General vs. Unfamiliar Knowledge

Accepted common knowledge doesn't need to be cited. But if you doubt whether your information is common knowledge or not, cite it.

In Text vs. Bibliography

In-Text Citations
  • in the body of your work
  • signals when you're quoting or referring to sources
  • paired with full citations
  • Ex. (Salati, 2022)
Bibliography Citations
  • at the end of your work
  • also called Works Cited or References
  • provides readers full details on where to find the source
  • Ex. Salati, D. (2022). Hot dog (First ed.). Alfred A. Knopf.

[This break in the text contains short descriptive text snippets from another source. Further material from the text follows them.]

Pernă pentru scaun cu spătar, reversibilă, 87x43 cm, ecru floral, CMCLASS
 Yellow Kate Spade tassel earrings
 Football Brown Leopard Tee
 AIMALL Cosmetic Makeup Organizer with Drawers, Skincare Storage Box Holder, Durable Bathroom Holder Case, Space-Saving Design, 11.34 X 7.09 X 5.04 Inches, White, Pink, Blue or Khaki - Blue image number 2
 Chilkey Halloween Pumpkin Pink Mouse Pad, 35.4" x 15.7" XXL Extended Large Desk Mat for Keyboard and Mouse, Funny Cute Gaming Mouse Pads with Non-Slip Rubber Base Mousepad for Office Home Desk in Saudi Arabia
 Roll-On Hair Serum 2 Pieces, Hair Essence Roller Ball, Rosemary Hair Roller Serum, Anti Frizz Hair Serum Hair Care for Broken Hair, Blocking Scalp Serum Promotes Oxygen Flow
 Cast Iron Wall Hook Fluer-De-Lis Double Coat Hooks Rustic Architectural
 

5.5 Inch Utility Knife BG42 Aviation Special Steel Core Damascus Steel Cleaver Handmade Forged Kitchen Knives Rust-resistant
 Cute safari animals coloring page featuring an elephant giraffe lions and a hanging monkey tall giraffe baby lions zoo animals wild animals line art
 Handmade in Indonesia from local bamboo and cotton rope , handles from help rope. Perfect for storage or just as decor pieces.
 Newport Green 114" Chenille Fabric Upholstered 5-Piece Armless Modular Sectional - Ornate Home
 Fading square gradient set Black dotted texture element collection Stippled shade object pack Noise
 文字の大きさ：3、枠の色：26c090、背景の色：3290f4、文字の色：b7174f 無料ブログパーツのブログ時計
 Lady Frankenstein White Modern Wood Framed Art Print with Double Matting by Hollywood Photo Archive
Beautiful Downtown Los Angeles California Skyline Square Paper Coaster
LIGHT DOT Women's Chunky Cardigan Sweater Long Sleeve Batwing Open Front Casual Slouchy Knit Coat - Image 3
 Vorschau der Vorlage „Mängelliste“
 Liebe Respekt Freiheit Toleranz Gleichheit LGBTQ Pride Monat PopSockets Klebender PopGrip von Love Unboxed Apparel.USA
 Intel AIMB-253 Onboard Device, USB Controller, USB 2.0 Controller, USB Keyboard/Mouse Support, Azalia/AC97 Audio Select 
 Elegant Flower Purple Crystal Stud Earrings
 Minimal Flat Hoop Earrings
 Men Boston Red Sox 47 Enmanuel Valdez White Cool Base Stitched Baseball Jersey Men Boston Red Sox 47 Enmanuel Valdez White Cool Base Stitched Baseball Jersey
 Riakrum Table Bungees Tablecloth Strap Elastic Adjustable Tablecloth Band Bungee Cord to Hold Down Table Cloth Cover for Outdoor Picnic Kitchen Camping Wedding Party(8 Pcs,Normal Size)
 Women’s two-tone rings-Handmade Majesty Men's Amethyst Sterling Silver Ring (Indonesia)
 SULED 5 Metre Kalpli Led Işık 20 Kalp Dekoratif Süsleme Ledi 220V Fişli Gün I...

Citations in Start My Research

Catalog listing for book "Hot Dog" with arrow pointing to circled quote mark icon in the upper right corner. Select to open citation dialog box

Here is an example of a Start My Research record.

In the upper right corner is a blue quotation mark icon. Select this to open up a citation dialog box.

Next, select the drop down menu under "Choose a Citation Format" and choose the citation style you want.

citation generating dialog box with open drop down menu of offered citation styles including: APA, AMA, MLA, Chicago, Turabian, IEEE, and more.

For this example, I'll choose APA format.

citation dialog box with generated APA format citation for "Hot Dog" by Doug Salati

The citation will generate under "Format Preview." All you have to do is copy and paste the citation into your document.


Important Note:

The citation generates based off of the information from the catalog.

This means if a record is in all caps, or misspelled, or has several long subtitles, that is what it will look like in the citation. Regardless of if that is what the citation style calls for.

Always double check the citation format is correct!